(DATA EXTRACT):
= Beginning of Section =
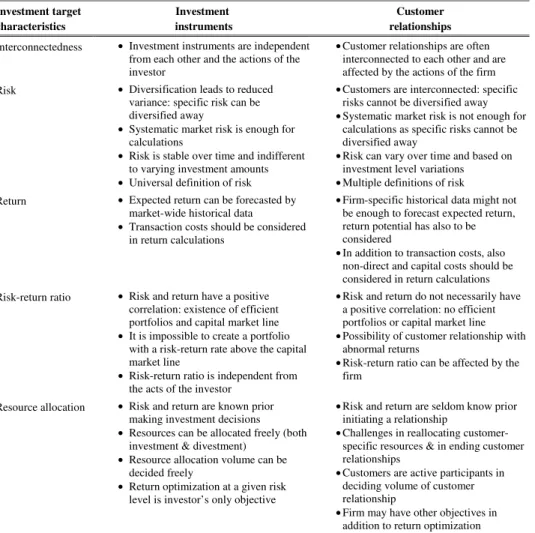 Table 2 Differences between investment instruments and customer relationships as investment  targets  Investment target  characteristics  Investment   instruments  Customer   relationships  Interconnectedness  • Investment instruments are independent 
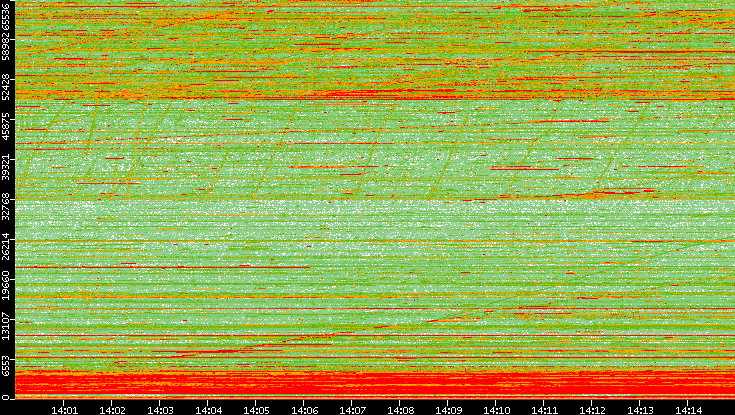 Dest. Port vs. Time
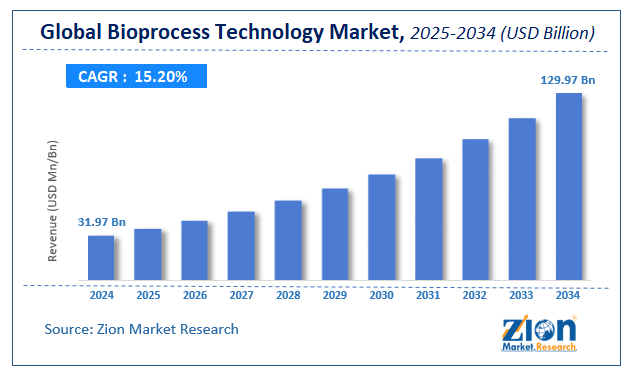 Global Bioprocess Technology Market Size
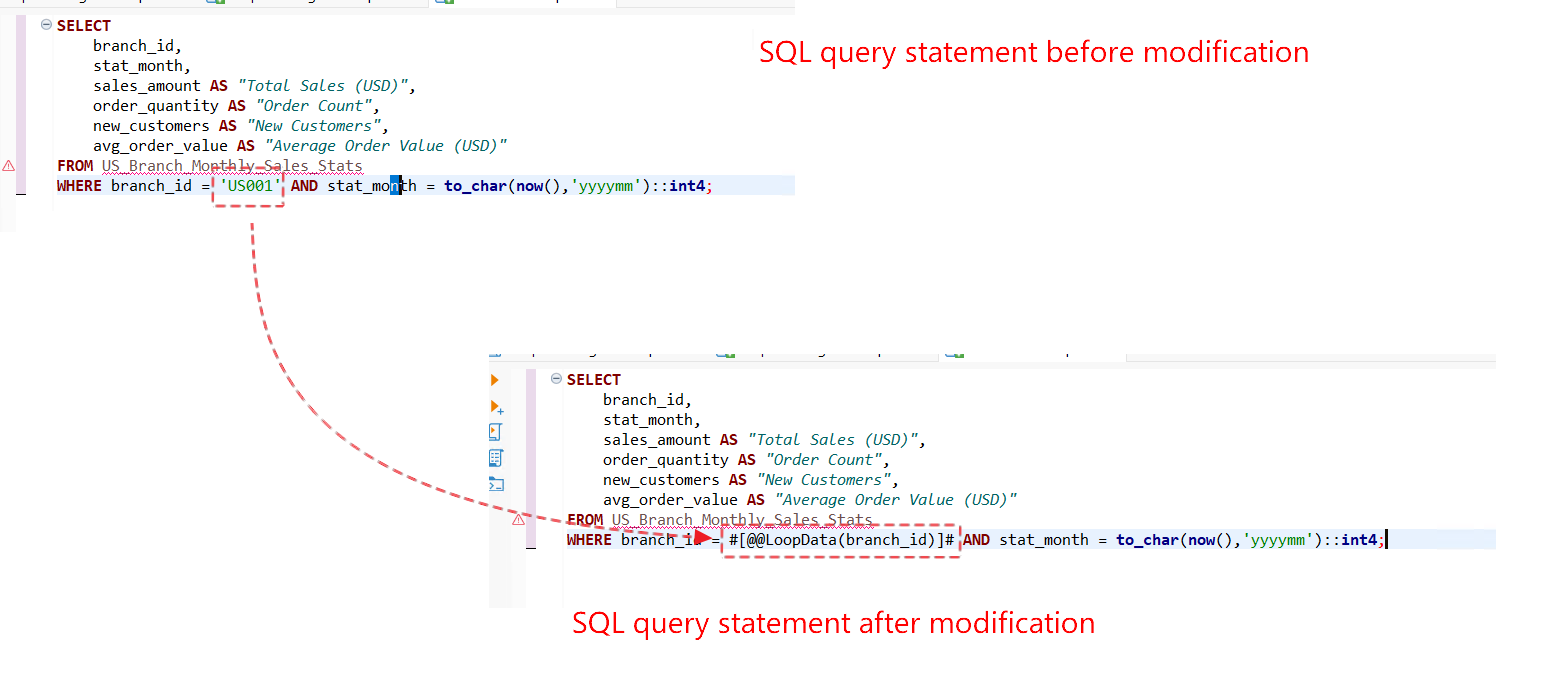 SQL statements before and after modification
= End of Section =
(EXERCISE BRIEF): Extract the full listing above verbatim; pictures are to be left out of the copy.

(ANSWER AREA):
 Table 2 Differences between investment instruments and customer relationships as investment  targets  Investment target  characteristics  Investment   instruments  Customer   relationships  Interconnectedness  • Investment instruments are independent 
 Dest. Port vs. Time
 Global Bioprocess Technology Market Size
 SQL statements before and after modification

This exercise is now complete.